The essence of the discussion is the evolution of the Web, and in saying web I mean the content–the documents, images, sounds, descriptive data, etc–not the technology of the Internet. The article refers to this next step as Web 3.0.
If Web 1.0 was about individuals dumping documents on the web to share with others, and Web 2.0 is about setting up communities that collaborate on the development of content, Web 3.0 seems so be about interpreting the content to make meaningful decisions. Will this transition be planned/managed or evolve “organically?” Probably both: the infrastructure can, to some extent, be planned to overcome current impediments, but the application of Web 3.0 will evolve organically as peoples’ mindsets change and evolve to understand what is the new possible.
The reference to Common Sense in the title refers to the ability to draw upon “meta data” contributed by a [Web 2.0] community, such as comments on a hotel, page rankings developed by Google, etc. to draw some conclusions about the under lying material.

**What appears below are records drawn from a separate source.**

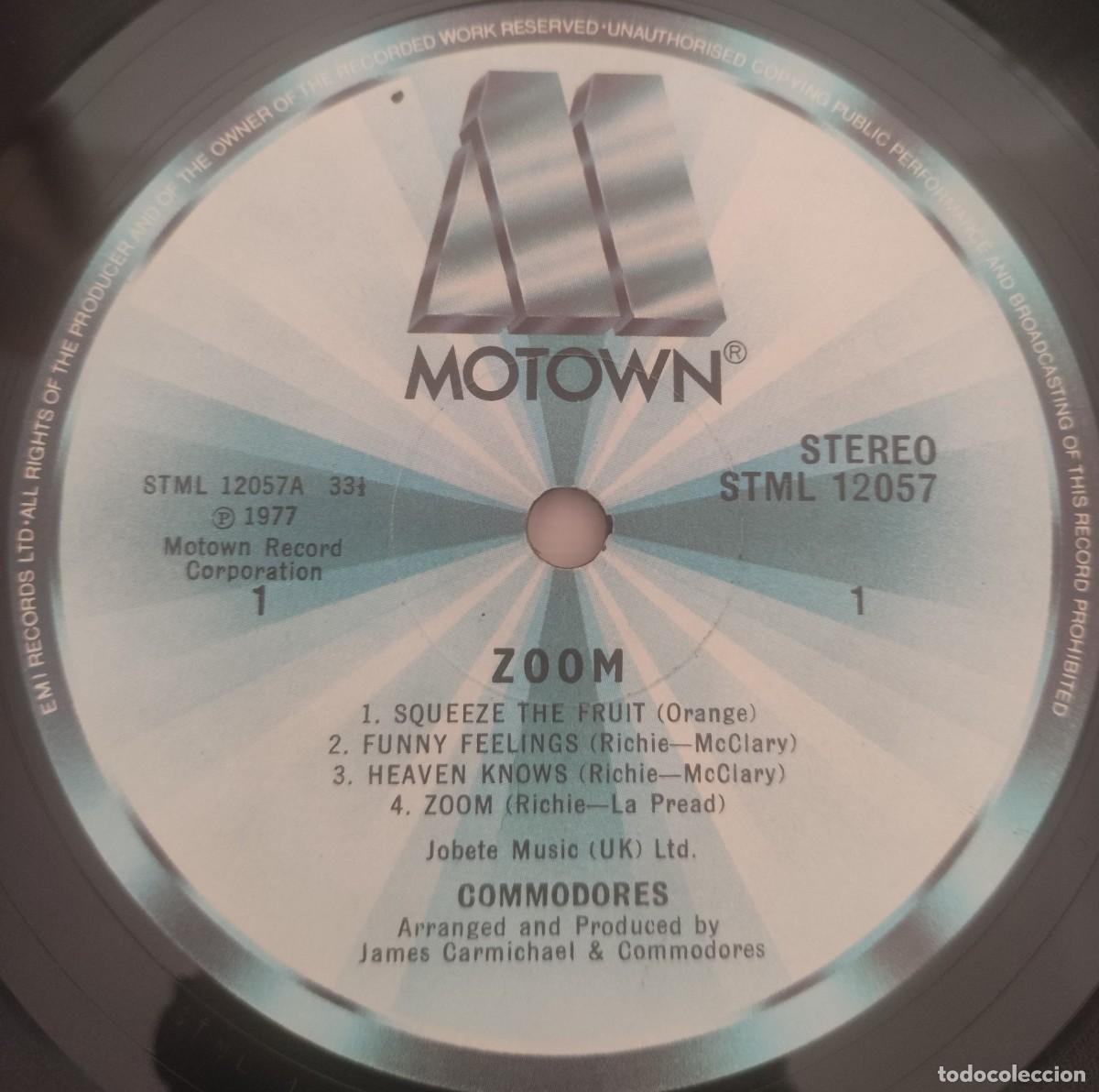 Discos de vinilo: Commodores-Zoom-UK-1977 - Foto 3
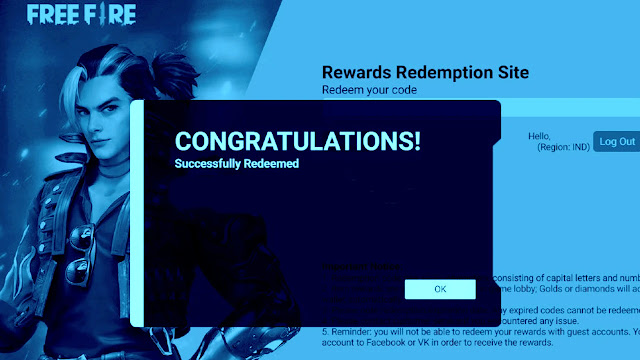 How To Redeem Free Fire Redeem Code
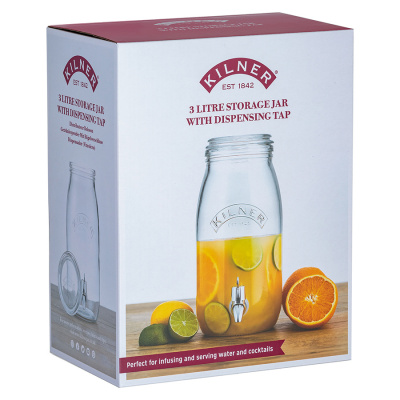 k_0025.008v Диспенсер-лимонадница для напитков 3 л  Kilner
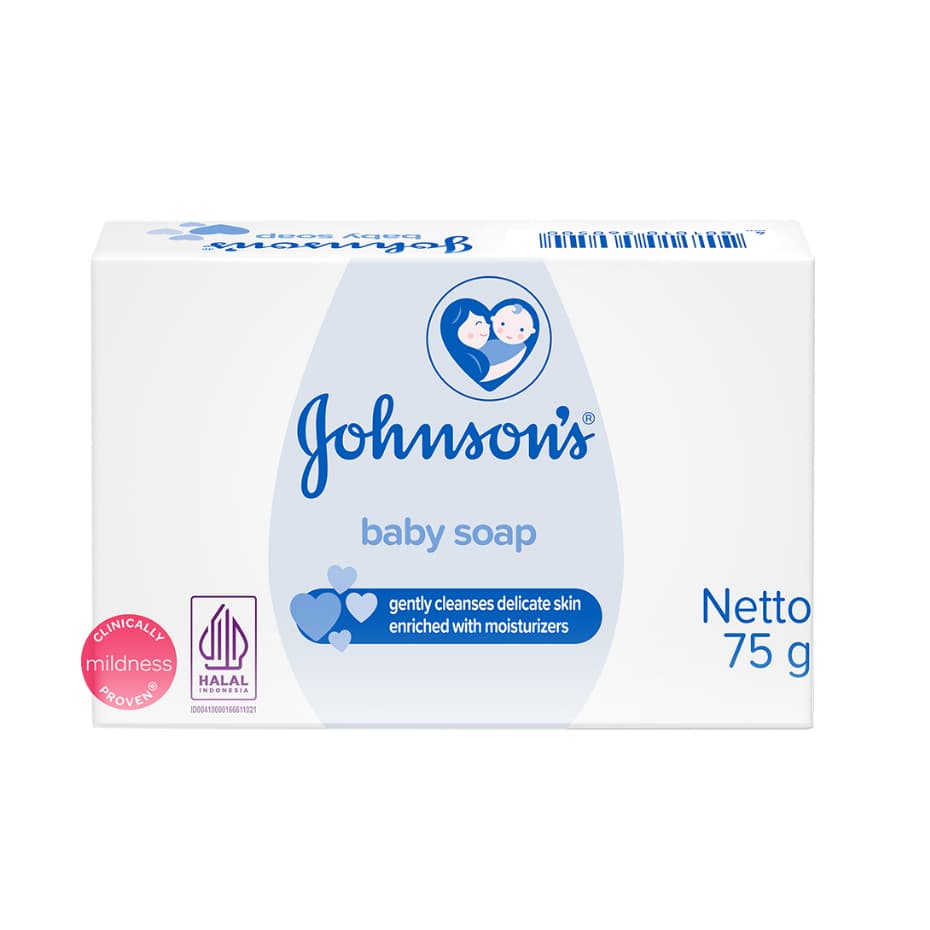 Johnson's Baby Sabun Batang Regular 75 gr – 1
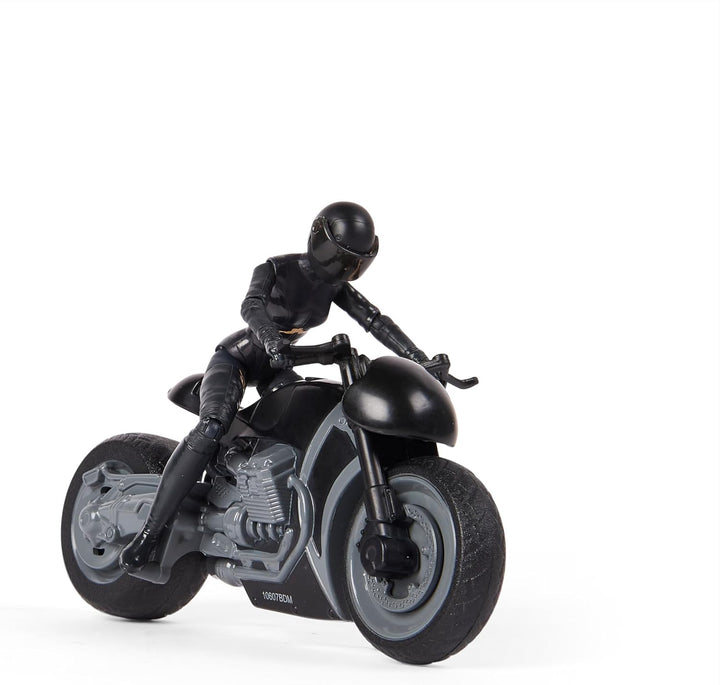 DC Batman The Batman 10cm Spielset mit Batman-, Selina Kyle-Actionfiguren und Selina Kyle-Bike inkl.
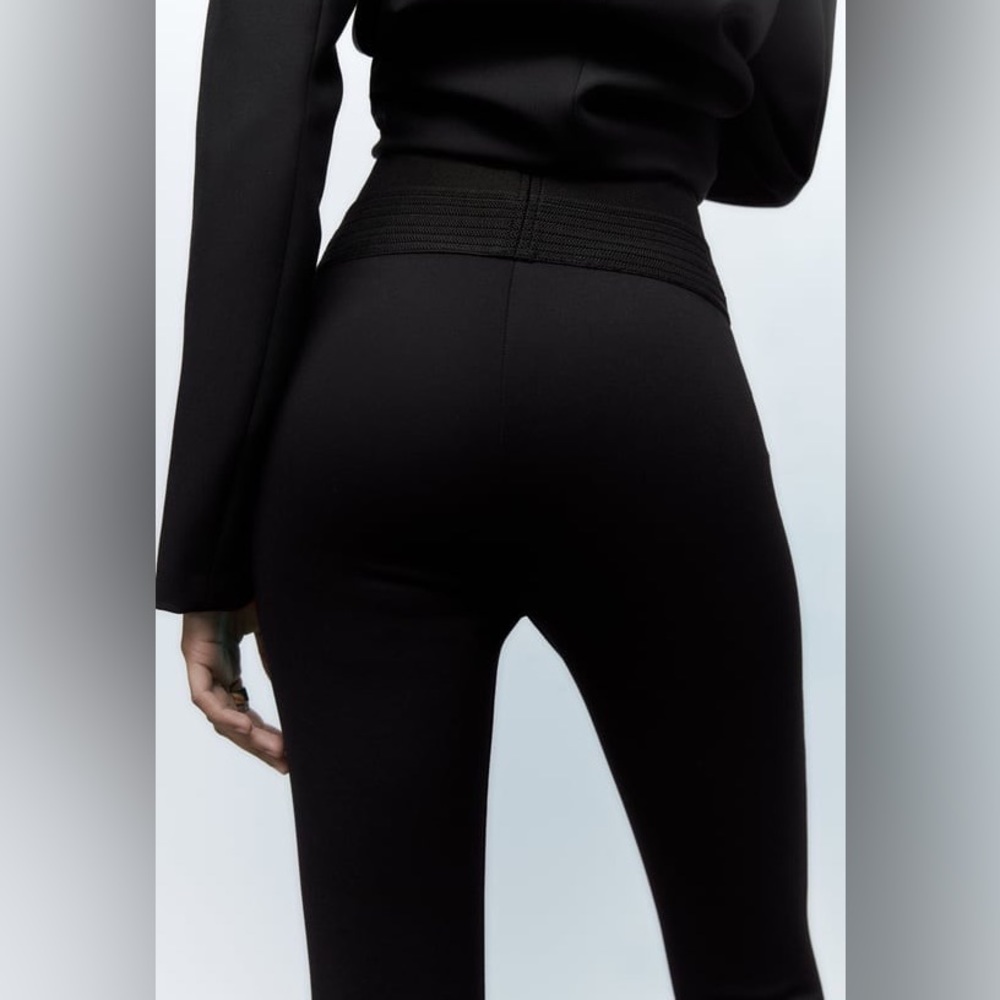 Zara high waisted seam front ponte pants, NWOT sized medium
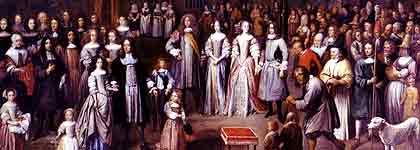 Distributing the Tichborne Dole, 1670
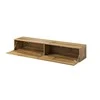 Cama pakabinama TV spintelė VIGO '180' 30/180/40 (spalva: Votan ąžuolas)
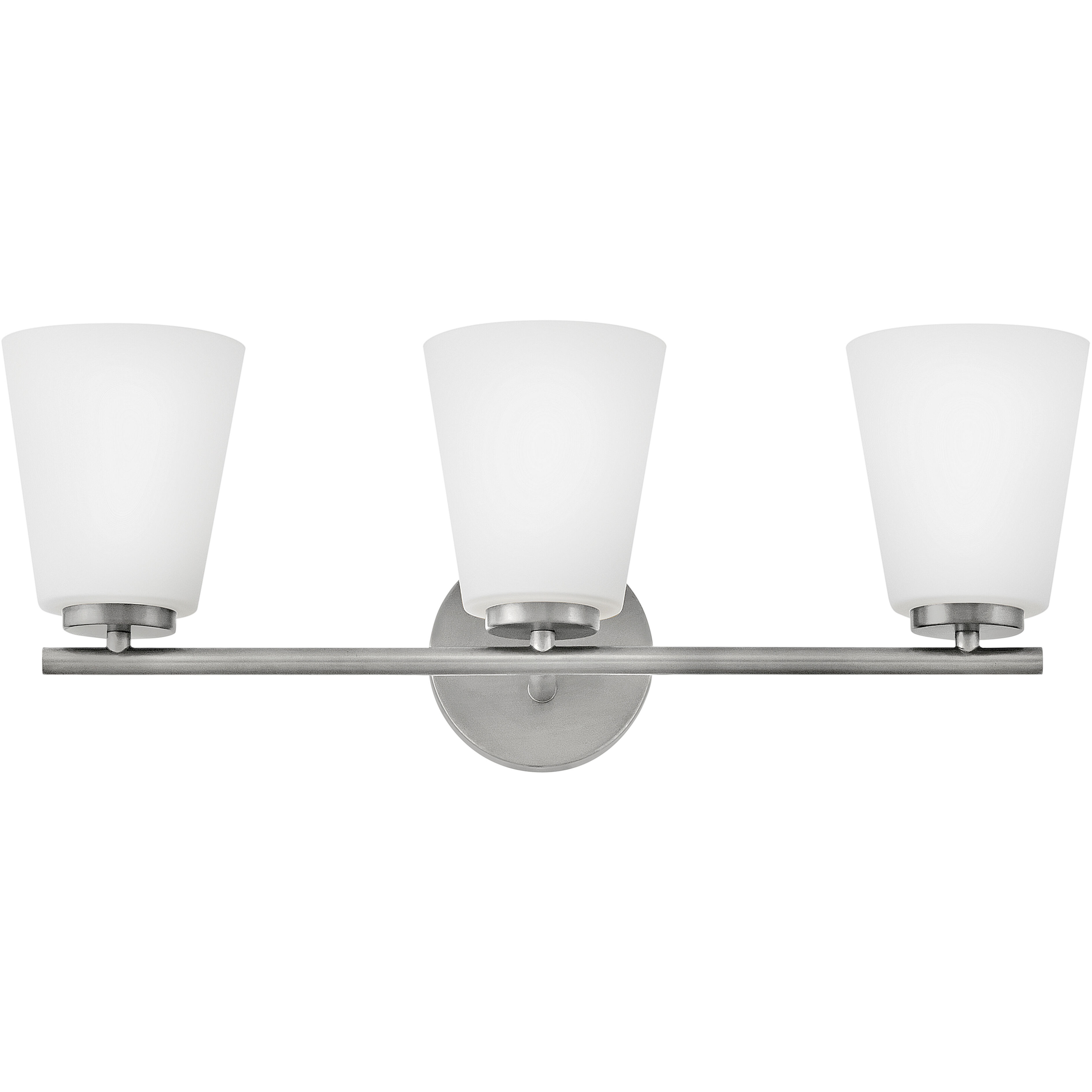 Bri 3 Light 24 inch Brushed Nickel Bath Light Wall Light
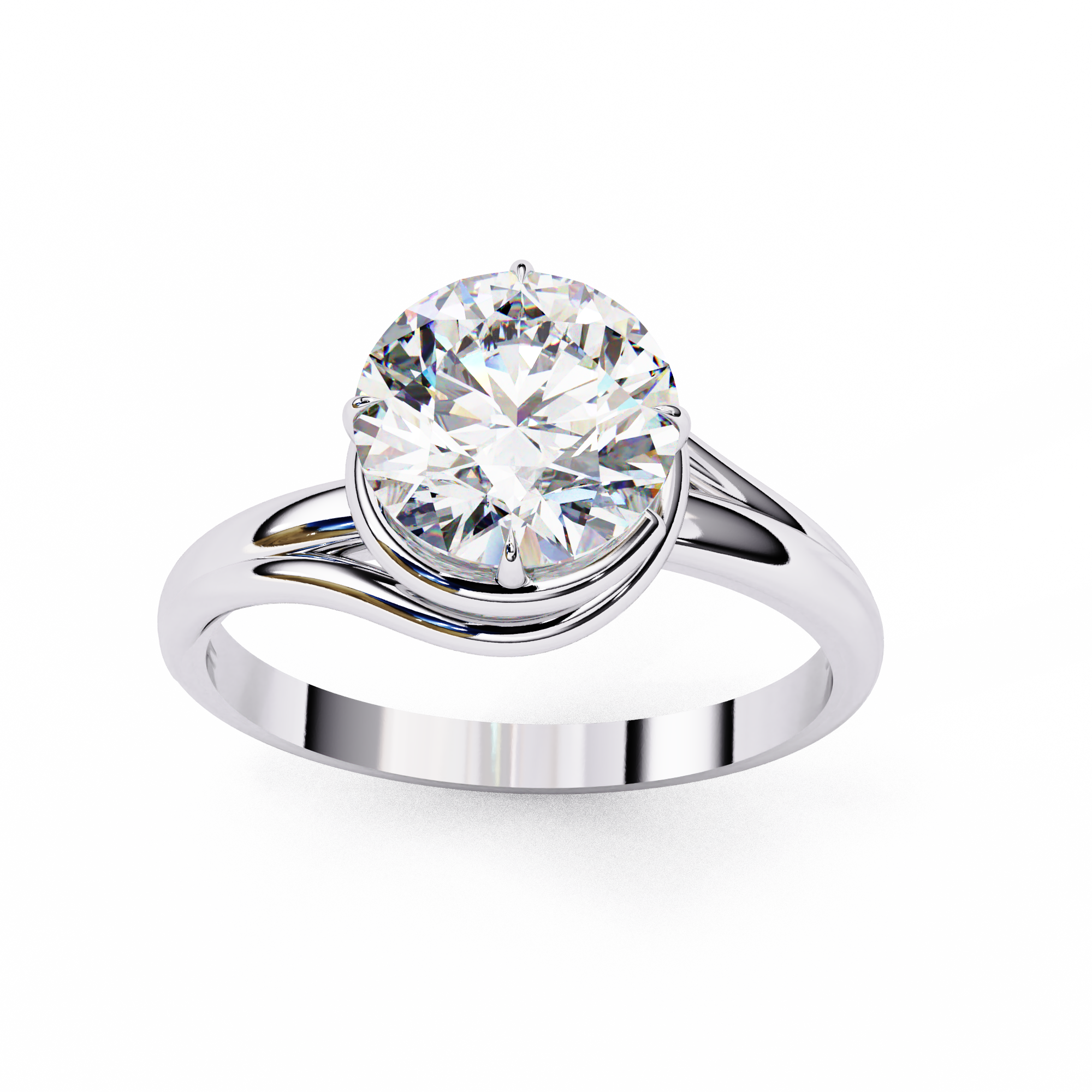 Cosmos Round Brilliant Solitaire Ring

Whereas today’s travel recommendation sites force people to weed through long lists of comments and observations left by others, the Web. 3.0 system would weigh and rank all of the comments.
While the evolution of the Internet has a technology path, the real value comes from its application: the use of the web content to address real-world problems. From that perspective, Web 1.0 was about making content easy to get to. Web 2.0 is mostly about the contribution of interpretations by a community. Web 3.0 is about consolidating the multiplicity of views in to a coherent message with decisionable actions.
To achieve this there are some technical underpinnings necessary to facilitate such activity and make the next step feasible. In particular, standardization reduces the hurdles to integration and thus sharing and thus processing. While the Internet made major strides for the network level, the Web for human access to content, Web services accomplishes the same thing for computer (and thus automated) access to content. It is that last step that enables the deployment of computing power to solve problems.
However, these are the technical elements of the equation, the semantic level too will need to be challenged. Services such as del.icio.us, Digg, Flickr and others offer a means to tag information with meaningful descriptors and it is through this tagging that the essential meaning is communicated without having to read through the full document or photograph. Tagging removes the need for computers to undertake the task of interpretation. Web 2.0 organizes the masses to contribute interpretations (or meaning/semantics) of content; Web 3.0 collates these interpretations.
But for Web 3.0 to work will require consistency of use and consistency of interpretation before we can expect to get wide-scale and reliable results. The processing of meta data (regardless of what form it takes) is not in place now. This is likely aided by the next technological step, and no doubt this requires some computing, may be even AI. However, indications are some practical first steps can be seen.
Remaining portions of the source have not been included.